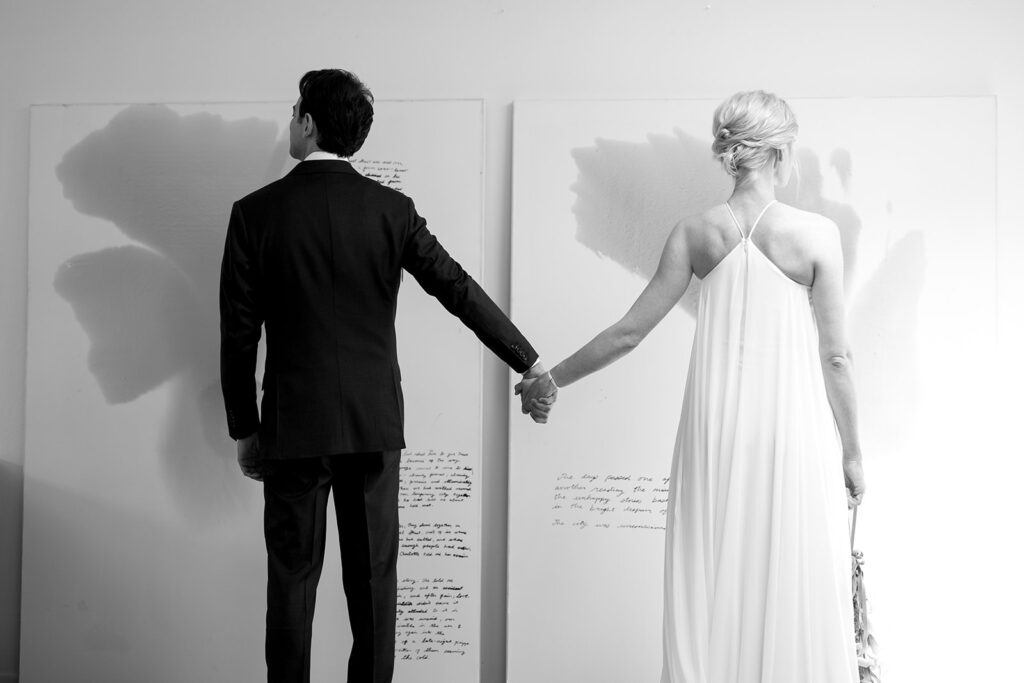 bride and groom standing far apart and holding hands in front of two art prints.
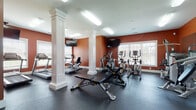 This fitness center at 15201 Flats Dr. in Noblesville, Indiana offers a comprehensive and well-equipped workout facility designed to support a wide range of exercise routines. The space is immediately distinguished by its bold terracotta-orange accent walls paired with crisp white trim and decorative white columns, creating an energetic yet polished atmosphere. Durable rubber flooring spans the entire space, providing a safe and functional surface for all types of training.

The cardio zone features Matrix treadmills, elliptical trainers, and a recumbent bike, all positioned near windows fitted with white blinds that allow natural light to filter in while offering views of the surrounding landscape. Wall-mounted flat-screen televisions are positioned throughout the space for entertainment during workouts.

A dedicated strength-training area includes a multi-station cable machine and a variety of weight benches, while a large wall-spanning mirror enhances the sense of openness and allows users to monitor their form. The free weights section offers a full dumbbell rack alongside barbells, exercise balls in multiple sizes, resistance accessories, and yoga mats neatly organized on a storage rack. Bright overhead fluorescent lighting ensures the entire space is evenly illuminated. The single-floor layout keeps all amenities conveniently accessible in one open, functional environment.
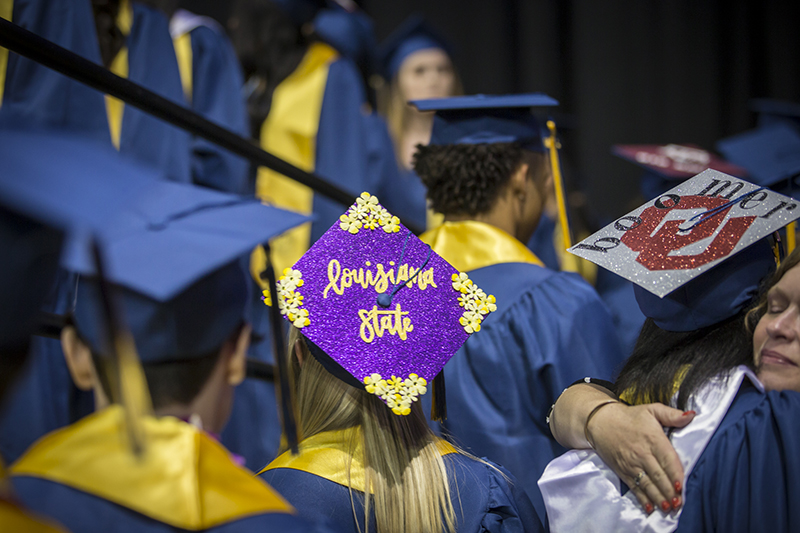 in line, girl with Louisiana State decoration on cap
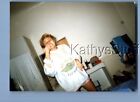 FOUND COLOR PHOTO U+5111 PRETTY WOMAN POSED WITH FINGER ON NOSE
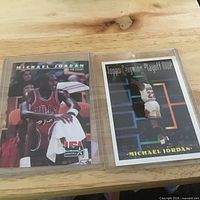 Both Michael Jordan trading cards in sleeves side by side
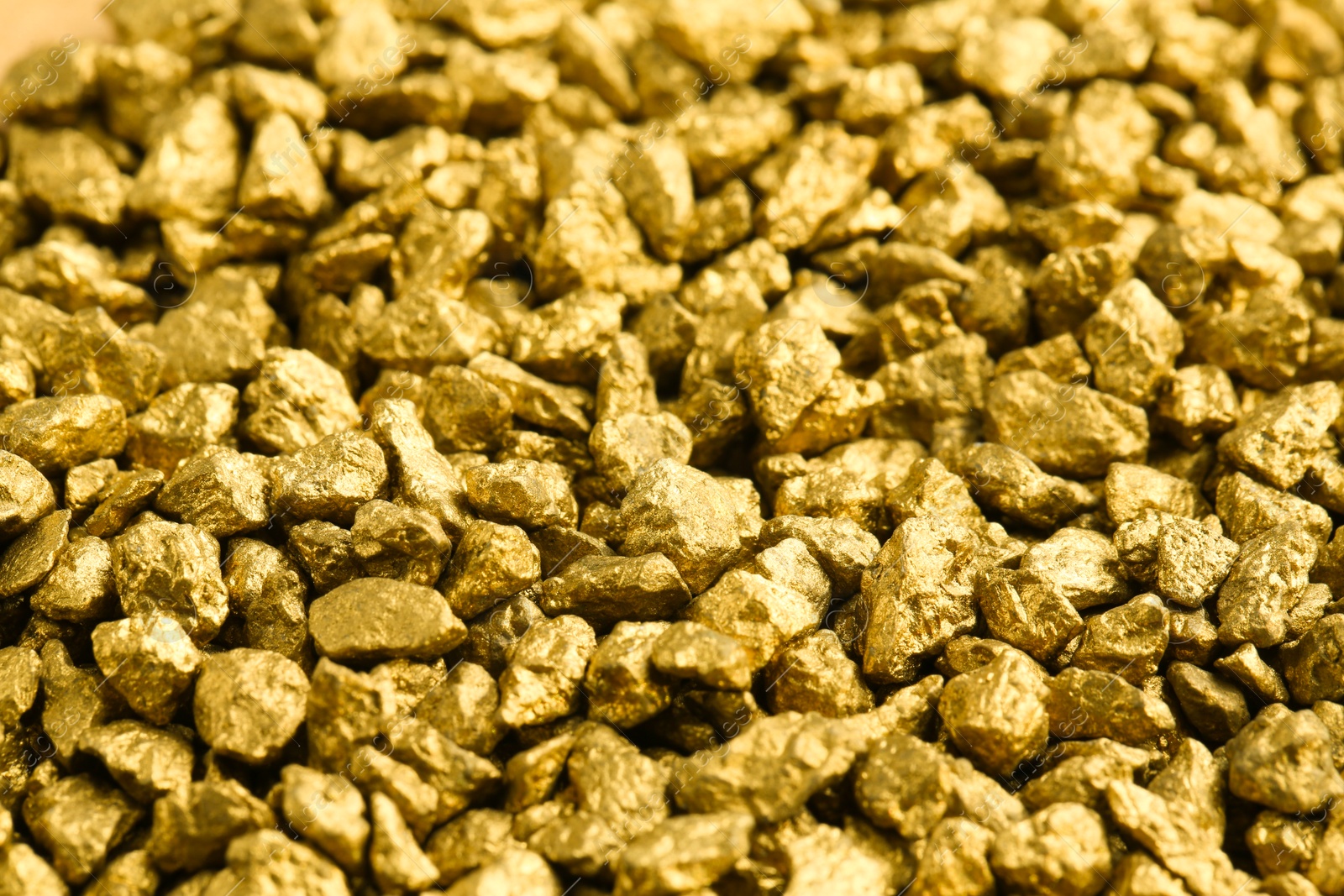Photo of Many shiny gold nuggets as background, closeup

━━━━━━━━

> **What to produce**
Could you give again precisely the lines from the one containing "The cardio zone" through the final line of the material above, both included, and no others, dropping the pictures?

> **Solution for this task**
The cardio zone features Matrix treadmills, elliptical trainers, and a recumbent bike, all positioned near windows fitted with white blinds that allow natural light to filter in while offering views of the surrounding landscape. Wall-mounted flat-screen televisions are positioned throughout the space for entertainment during workouts.

A dedicated strength-training area includes a multi-station cable machine and a variety of weight benches, while a large wall-spanning mirror enhances the sense of openness and allows users to monitor their form. The free weights section offers a full dumbbell rack alongside barbells, exercise balls in multiple sizes, resistance accessories, and yoga mats neatly organized on a storage rack. Bright overhead fluorescent lighting ensures the entire space is evenly illuminated. The single-floor layout keeps all amenities conveniently accessible in one open, functional environment.
 in line, girl with Louisiana State decoration on cap
 FOUND COLOR PHOTO U+5111 PRETTY WOMAN POSED WITH FINGER ON NOSE
 Both Michael Jordan trading cards in sleeves side by side
Photo of Many shiny gold nuggets as background, closeup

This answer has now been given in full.